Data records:
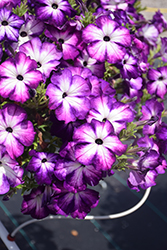 Sanguna Radiant Blue Petunia (Petunia 'Sanguna Radiant Blue') at Lakeshore Garden Centres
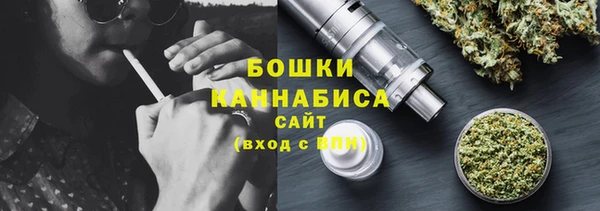 сатива Вяземский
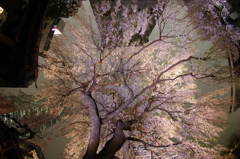 夜桜 FISHEYE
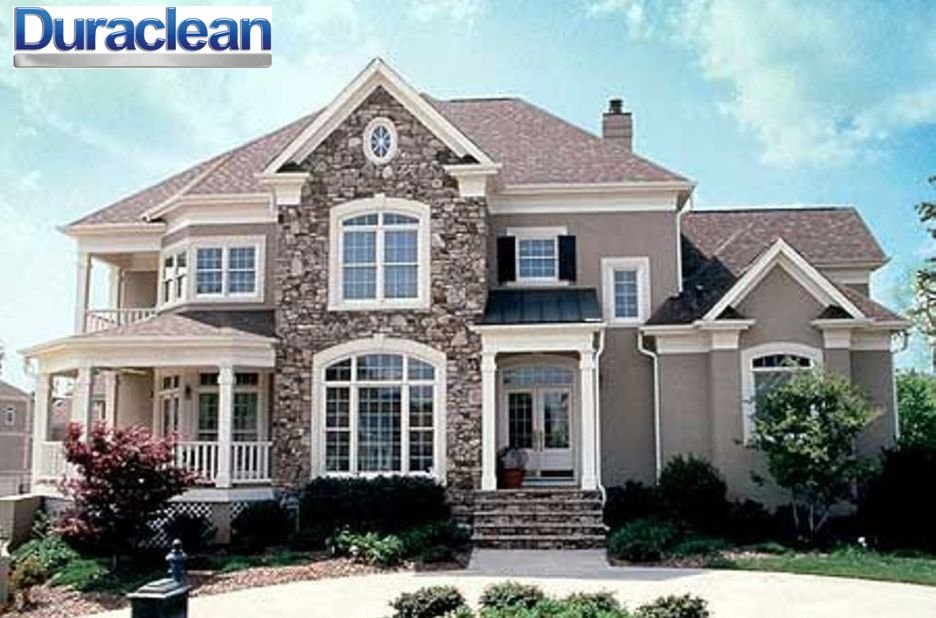Refresh Your Home with Expert Carpet Care and Stain Removal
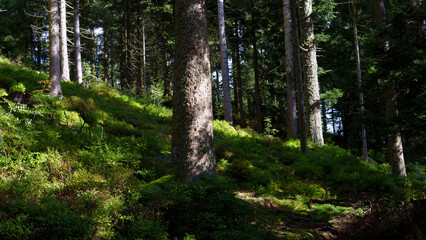 Fototapeta premium Summer nature background with green grass, bushes, and trees. Lush vegetation, natural landscape, outdoor environment, fresh greenery, and peaceful scenery.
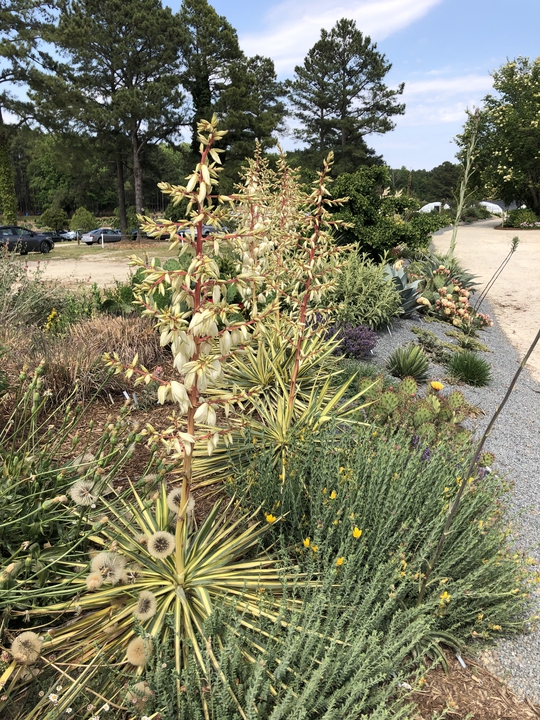 Yucca flaccida 'Golden Sword' in May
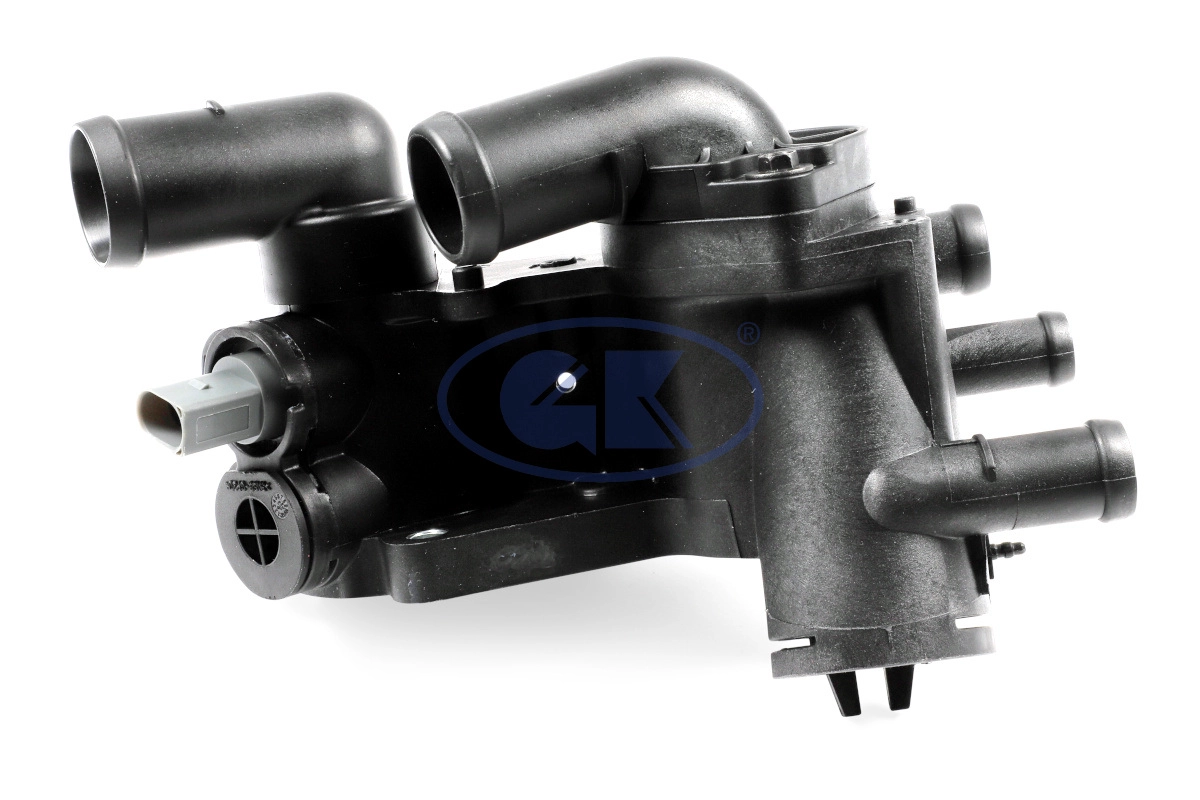 Thermostat, coolant (701173)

■ **Work required**: For this exercise, write out exactly the lines from the one with "сатива Вяземский" through the last line of the records, inclusive, and leave each picture out.

■ **Reply to the exercise**:
 сатива Вяземский
 夜桜 FISHEYE
Refresh Your Home with Expert Carpet Care and Stain Removal
 Fototapeta premium Summer nature background with green grass, bushes, and trees. Lush vegetation, natural landscape, outdoor environment, fresh greenery, and peaceful scenery.
 Yucca flaccida 'Golden Sword' in May
 Thermostat, coolant (701173)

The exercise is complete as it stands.